= Durham Statement on Open Access to Legal Scholarship =

The Durham Statement on Open Access to Legal Scholarship is a public statement related to ensuring the open access of legal information and scholarship. It was written in 2008 by a group of library directors from law schools in the United States.

==Background and development==
In 2007, Richard Danner presented two different papers arguing that John Willinsky's open access principles were also applicable to legal scholarship and information. He also presented information on the work Duke University School of Law had done to improve electronic access to journals and faculty scholarship. In October 2008, Danner met with library directors from 11 other law schools at Duke's campus in Durham, North Carolina to discuss the topic.

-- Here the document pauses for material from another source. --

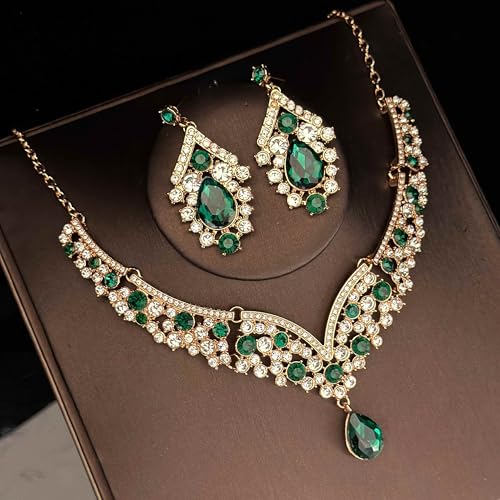 Tiaras Crowns for Women,Wedding Jewelry Set, Tiaras Necklace Earrings Crystal Bridal Wedding Jewelry Sets for Brides Bridesmaid Prom Costume Accessories - color: Gold Green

The resulting statement issued by the group called for all law schools to stop publishing their law journals in print format and to rely instead on open access electronic publication coupled with a commitment to keep the electronic versions available in stable, open, digital formats.

An important motivation underlying this call was not only improving access, but also that "very few law journals receive enough in subscription income and royalties to cover their costs of operation."

==Response and legacy==
In a discussion of the Durham Statement published two years after it was issued, Danner noted that "[the] call to end print publication of law reviews was more controversial than that regarding open access." Law librarians have raised questions about the ability to effectively digitally preserve materials and whether the "stable, open, digital formats" the statement suggests are more of an ideal than an attainable goal.